In her case, a fortunate detour occurred while she was collaborating with physicians from the In Vitro Fertilization (IVF) Unit of the Kaplan Medical Center in Rehovot on a study of connexin43, a protein that is involved in communication between cells and in the process of embryo implantation. In the late 1990s, the researchers performed an endometrial biopsy—a procedure in which a small sample is taken from the lining of the uterus—on 12 women who had failed to conceive after numerous IVF treatments.

“To our enormous surprise, we soon learned that 11 of these patients conceived during their next cycle of IVF,” says Prof. Dekel. However, there was a slim chance that the pregnancies were a happy coincidence, or related to something else, and so the scientists set out to repeat the results. In 2003, they conducted a larger study with patients who’d had at least four failed IVF treatments, and discovered that there was no mere coincidence: undergoing an endometrial biopsy prior to IVF treatment actually doubled the chances of a successful pregnancy.

Since then, Prof. Dekel and her colleagues have been investigating the biochemical and molecular events that occur in response to an endometrial biopsy. Their observations indicate that because the biopsy causes a slight injury to the membrane lining the uterus, an inflammation-like reaction occurs, and when immune cells are recruited to the site of the injury to repair the damage, they influence the uterus to produce proteins that facilitate embryo implantation. Prof. Dekel’s team is conducting a human clinical trial to identify hitherto unavailable biomarkers for implantation competence. “Once we understand the events that take place in response to the injury, we can use this information to develop novel means to increase uterine receptivity,” says Prof. Dekel.

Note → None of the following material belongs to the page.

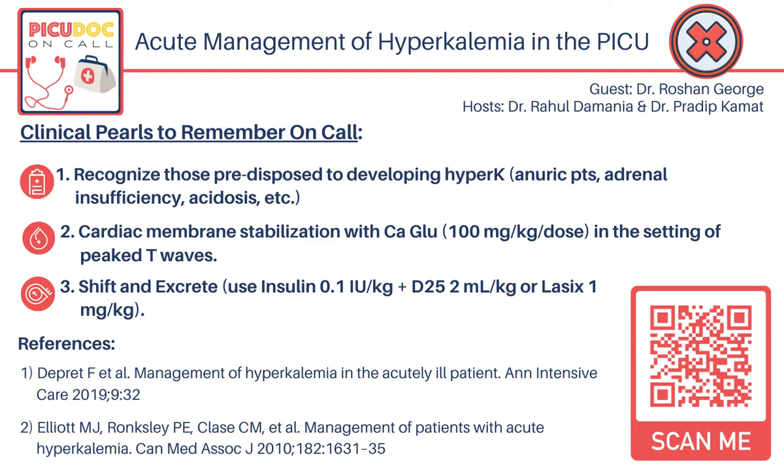Welcome to PQDoc on Call, a podcast dedicated to current and aspiring intensivists. My name is Pradeep Kamath, and I'm a pediatric critical care physician at Emory University School of Medicine. And my name is Rahul Damania, a current second-year pediatric critical care fellow.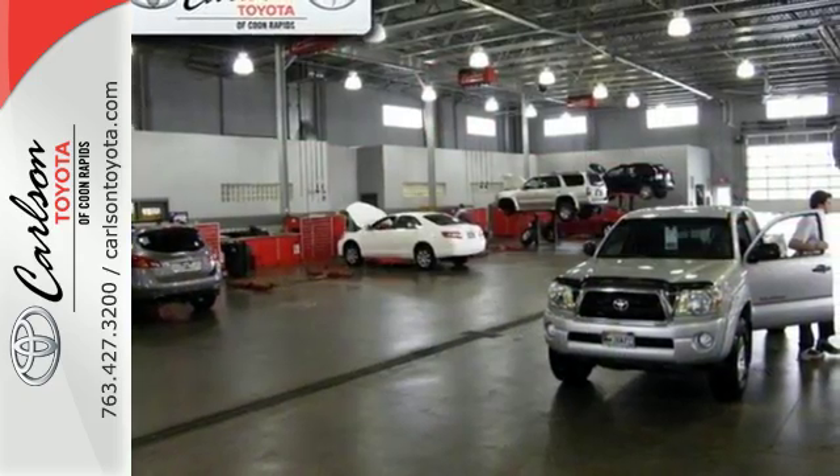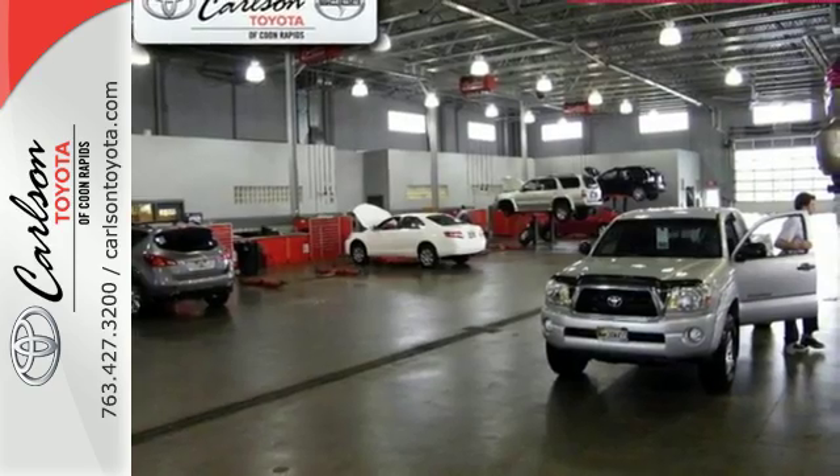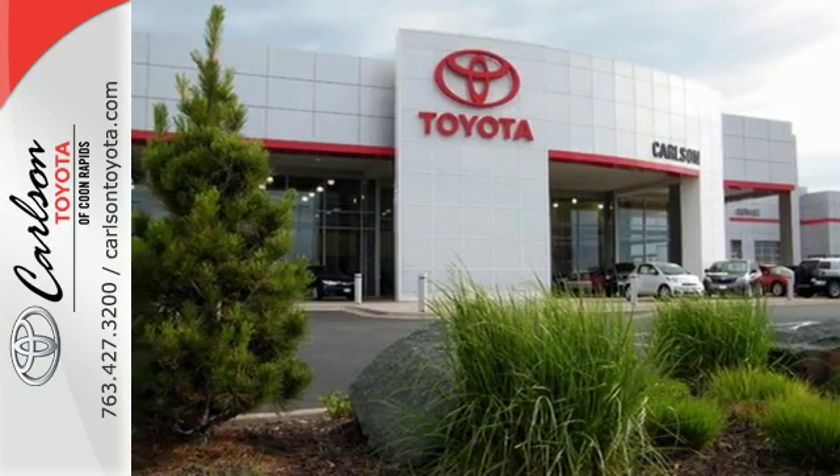Plus, don't worry about safety with 10 standard airbags, daytime running lights and heated mirrors. Make bold moves in this Camry today.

It might also be possible, she adds, to analyze patients for certain markers and determine whether they have a low chance of successful implantation, and thus should consider pursuing options other than IVF.

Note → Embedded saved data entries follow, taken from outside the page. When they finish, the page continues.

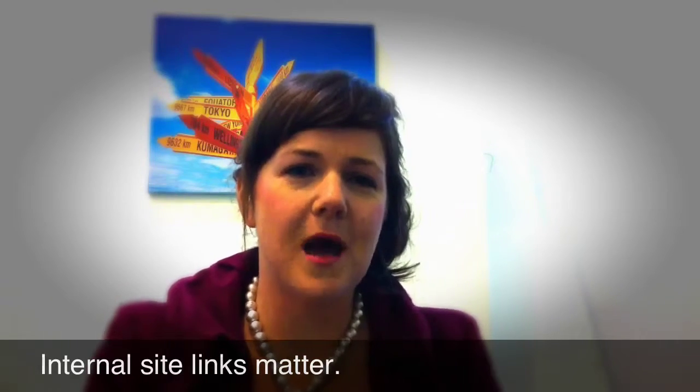We're talking about internal site links. What we want to do is make sure we're not link spamming our own website — that could be things like putting heaps of keywords down in the footer, or linking to the same keyword over and over again.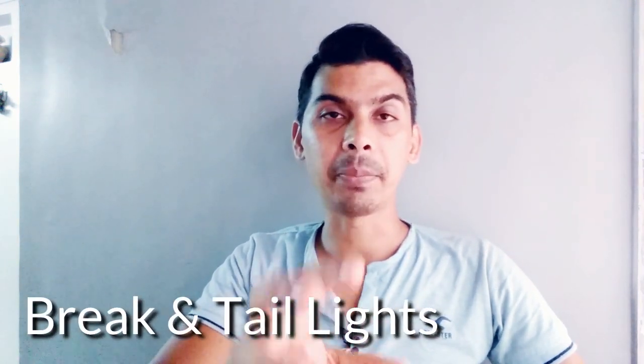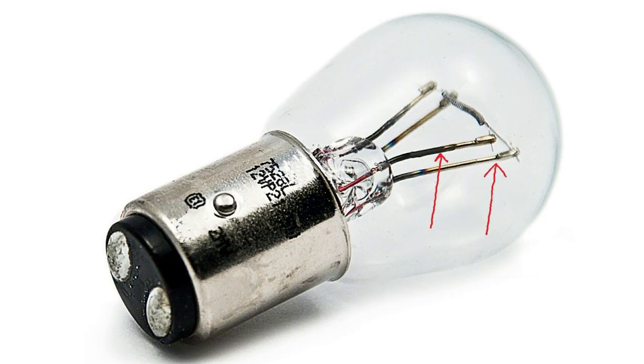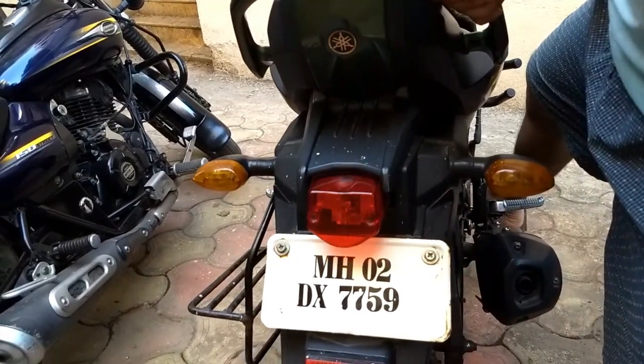The third important thing is brake lights and tail lights. A lot of people are confused between these two. There are two separate fuses — one for tail lights and one for brake lights. When you apply the brake, the brake light turns on.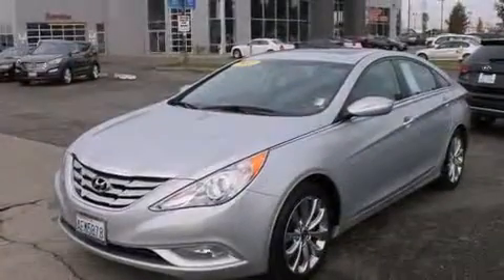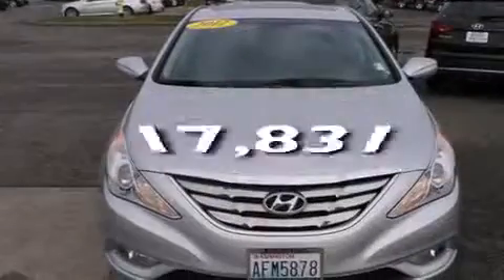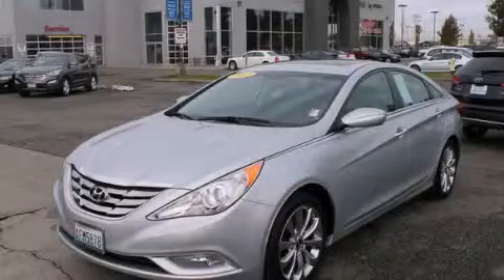Also included are an auto-dimming rear view mirror and a rear window defroster. This vehicle has less than 18,000 miles. This automobile won't last long at this price — call and arrange a test drive now.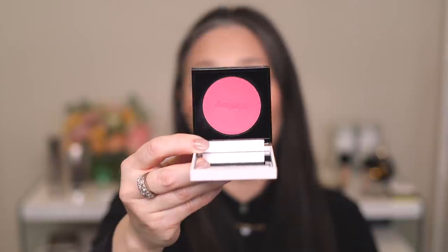Another color I've really been enjoying is number two, Rosy Fuchsia. They have six shades — the sixth one is a highlight and one through five are more traditional blush shades. These are the two I've been using the most: number two and number four.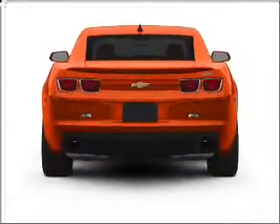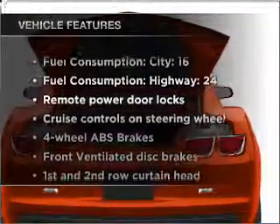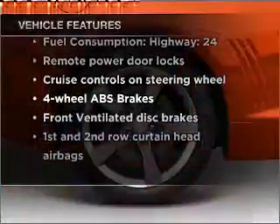The anti-lock braking system will help deliver you safely to your destination. And with these notable features, you won't want to miss out on the opportunity to own this amazing vehicle.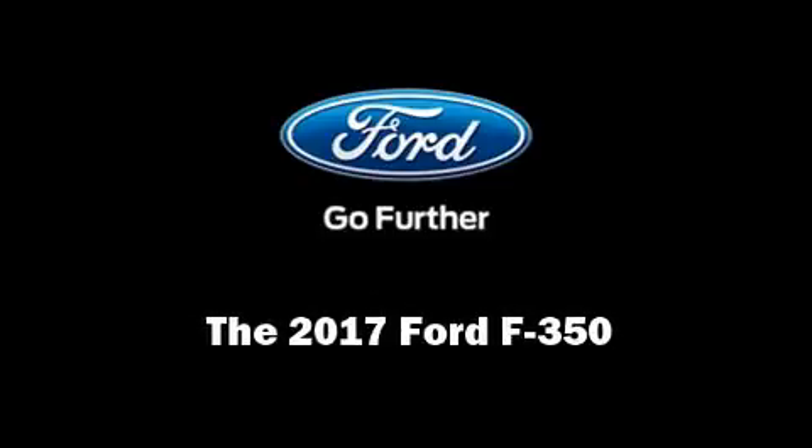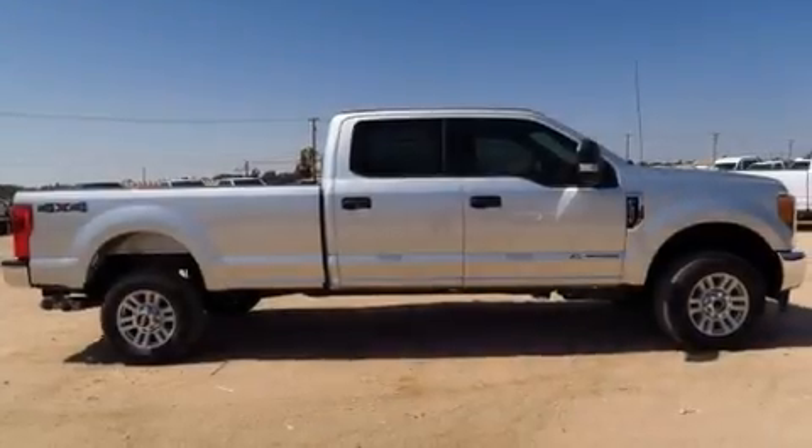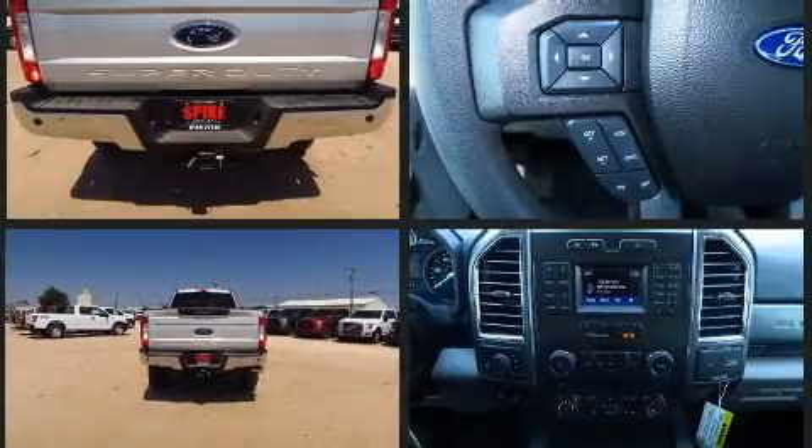Sensibility and practicality defined the 2017 Ford F-350. It features four-wheel drive capabilities, a durable automatic transmission, and a powerful eight-cylinder engine.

In the meantime, a number of fertility clinics around the world are offering the biopsy procedure to patients undergoing IVF treatment. Prof. Dekel hopes to team up with several IVF centers on a large study and establish a single protocol for the biopsy treatment based on the results. If IVF clinics can achieve a higher rate of successful pregnancies using the biopsy treatment, she hopes that they may more often opt to transfer a single embryo to a patient’s uterus, rather than two or more embryos, and thus avoid the risks associated with multiple-birth pregnancies, such as low birth weight and preterm delivery.

People who hear about the biopsy procedure often reach out to Prof. Dekel in order to learn more. “I have a drawer full of e-mails sent to me by infertile couples from all over the world—from Canada, the U.S., even Brazil, Russia, and China,” she says. One such couple, Howard and Roslyn Kaman of Toronto, had tried unsuccessfully for almost a decade to get pregnant when they read an article about Prof. Dekel in 2007. They contacted her, and she passed along their request to her colleagues at the Kaplan Medical Center, who provided the Kamans with a detailed description of the procedure. Their physician in Toronto used these instructions to perform the biopsy treatment, and “in October of 2008, they had a baby girl named Hannah, and they shared this very exciting and touching news with me,” says Prof. Dekel.

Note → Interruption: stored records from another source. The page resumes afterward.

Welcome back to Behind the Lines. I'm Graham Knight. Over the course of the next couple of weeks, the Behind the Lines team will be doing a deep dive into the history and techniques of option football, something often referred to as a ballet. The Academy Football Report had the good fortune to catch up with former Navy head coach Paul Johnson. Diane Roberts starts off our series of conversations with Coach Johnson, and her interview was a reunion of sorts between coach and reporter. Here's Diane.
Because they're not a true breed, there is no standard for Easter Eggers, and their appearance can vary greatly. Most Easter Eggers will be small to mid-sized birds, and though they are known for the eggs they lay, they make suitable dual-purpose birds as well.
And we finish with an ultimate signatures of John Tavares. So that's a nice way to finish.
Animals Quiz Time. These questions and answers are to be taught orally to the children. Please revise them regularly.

Prof. Dekel is now working with other scientists at the Weizmann Institute to answer some fundamental questions about reproduction. For example, collaborating with Dr. Alon Chen of the Department of Neurobiology, she is studying whether stress has an impact on fertility. Together they’re investigating the role of an important stress-response hormone, the corticotrophin releasing factor (CRF), within the reproductive system. These ongoing studies are part of an interest in reproductive biology that developed when Prof. Dekel was pursuing her master’s degree. “I found out that the hormones related to reproduction are, for me, one of the most attractive and exciting topics in science,” she says. “And that’s because, in this field, you’re dealing with the beginning of new life.”

Yivsam Azgad writes for the Weizmann Institute of Science, from where this article is adapted.